数多くの仏様を成仏させた「おくりびと」が、お葬式の出会いを綴ります。終活の参考になれば幸いです。

極楽浄土を見学してみる

あなたは生前に、殺生を一回もしませんでした。夜中にプーンと飛んできた蚊や地面を這っていた蟻も殺したことがありません。嘘は一回もつきませんでした。自販機の下に落ちていた10円も拾いませんでした。配偶者以外との行為を経験しませんでした。お酒は一滴も口にしませんでした。この人が亡くなると枕元に阿弥陀如来が迎えに来てくれて、極楽浄土まで導いてくれます。

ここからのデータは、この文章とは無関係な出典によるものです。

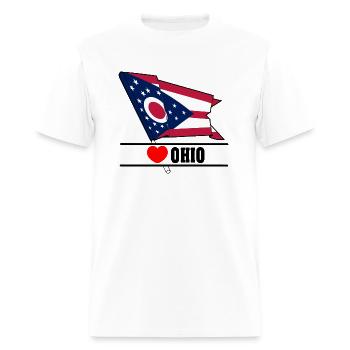 Flag Ohio heart 'OHIO' - Men's T-Shirt - white - Front - Jose (178cm)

私には縁がなさそうですが、極楽浄土とは、いったいどんな場所なのか興味が湧きませんか?


「仏説阿弥陀経」という教本に極楽の様子が詳しく書かれています。
はるか昔に阿弥陀様が西の方へ十万億進んだ彼方に極楽浄土を作られました。
浄土では現在もお釈迦様が人々を救うために説法をしてくれます。


とても過ごしやすい気候で天からは花の雨が降り、心地よい音楽が流れてきます。
大地は黄金です。周りには宝の樹木がたくさん生えています。樹木は七宝で作られて、金の樹木や、銀の樹木、水晶の樹木、白い貝の樹木、赤いルビーの樹木、青い瑠璃の樹木、メノウの樹木などがあります。それらにはやはり七宝の葉がしげり、宝の実がなります。


至る所に宝の池があります。池には八功徳水(はっくとくすい)が満々と湛えられ、池の底には金の砂が敷き詰められています。八功徳水とは、八つの功徳を備えている水で、甘い、冷たい、やわらかい、軽い、清らか、臭くない、飲む時に喉を傷めない、飲んでお腹をこわさない、などの八つの特徴のある水のことです。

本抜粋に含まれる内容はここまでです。